Ces vidéos tutorielles ne sont pas forcément homologuées par des spécialistes de la sexualité, mais rencontrent toutefois un franc succès avec des centaines de milliers de vues. Pourquoi?
Arthur Vuattoux a un début de réponse: «Quand les ados identifient qu’on est là pour leur faire passer un message via des sites institutionnels par exemple, pour eux, c’est beaucoup moins attrayant que quand ils se disent “si je regarde cette vidéo, là ça m’apprend quelque chose”, même si elle n’est pas faite pour ça».
Les ados auraient donc besoin d’apprendre par eux-mêmes. Une nouvelle série sur Netflix corrobore cette idée. Dans Sex Education, on voit un lycéen ayant lui-même des problèmes avec sa sexualité endosser la chaire de sexologie à destination de ses camarades.
À aucun moment, ces jeunes ne se tournent vers leurs parents ou vers les institutions pour parler sexualité. D’après une étude du planning familial et du laboratoire Terpan, plus de quatre sur dix ne parlent pas de sexualité avec leurs parents.

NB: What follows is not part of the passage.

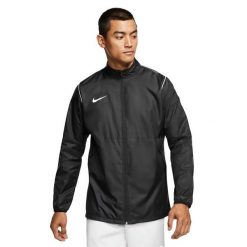 Kurtka Przeciwdeszczowa do biegania Męska Nike Park 20. Białe kurtki sportowe męskie Nike, m, bez wzorów, z materiału, do biegania, dri-fit (nike). Za 211.00 zł.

Pourquoi? Parce que c’est gênant. Pour les parents comme pour les enfants. Si ces jeunes sont scolarisés dans les écoles qui ne dispensent aucun cours d’éducation sexuelle, seules leurs amies et/ou leurs amis (pas forcément mieux informés qu’eux) et internet seront là pour les éduquer. Les ingrédients parfaits pour une vie sexuelle épanouie (ou pas).